**EXERCISE GOAL:**
Using the listing below, copy exactly the lines from the one containing "Dự án Khu bến" to the one containing "5-3377 Pembina Ave-30.jpg", both lines included, and no others.

**SOURCE RECORDS:**
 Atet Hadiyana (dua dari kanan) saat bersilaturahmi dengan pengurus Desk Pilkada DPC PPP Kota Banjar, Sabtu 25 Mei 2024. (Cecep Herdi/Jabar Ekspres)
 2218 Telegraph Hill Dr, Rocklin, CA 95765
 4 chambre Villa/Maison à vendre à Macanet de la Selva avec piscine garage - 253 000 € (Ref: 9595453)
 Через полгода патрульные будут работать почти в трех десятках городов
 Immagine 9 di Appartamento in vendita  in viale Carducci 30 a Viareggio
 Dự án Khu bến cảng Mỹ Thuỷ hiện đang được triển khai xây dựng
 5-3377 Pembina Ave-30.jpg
---
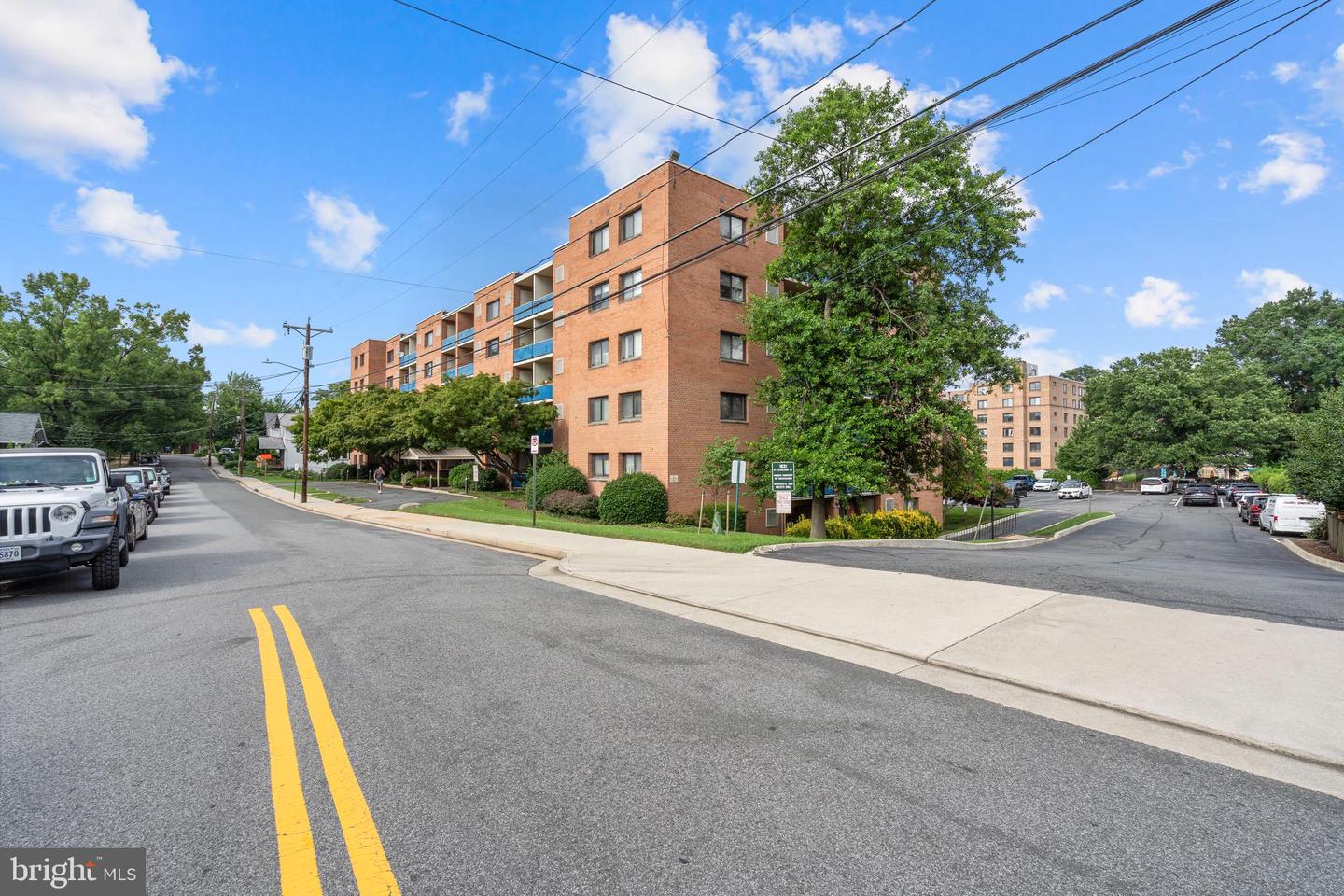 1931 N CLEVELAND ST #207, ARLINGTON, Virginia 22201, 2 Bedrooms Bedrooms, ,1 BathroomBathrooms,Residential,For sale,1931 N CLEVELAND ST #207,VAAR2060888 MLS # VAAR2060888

**SOLUTION TO THE PROBLEM:**
 Dự án Khu bến cảng Mỹ Thuỷ hiện đang được triển khai xây dựng
 5-3377 Pembina Ave-30.jpg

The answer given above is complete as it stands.